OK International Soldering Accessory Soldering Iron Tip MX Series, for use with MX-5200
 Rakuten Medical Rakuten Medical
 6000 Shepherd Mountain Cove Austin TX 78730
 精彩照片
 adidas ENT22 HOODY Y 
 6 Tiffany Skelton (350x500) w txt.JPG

────────────────────

• **Task directions**:
The entries listed above are to be output exactly. Leave none out.

• **Solution to this task**:
OK International Soldering Accessory Soldering Iron Tip MX Series, for use with MX-5200
 Rakuten Medical Rakuten Medical
 6000 Shepherd Mountain Cove Austin TX 78730
 精彩照片
 adidas ENT22 HOODY Y 
 6 Tiffany Skelton (350x500) w txt.JPG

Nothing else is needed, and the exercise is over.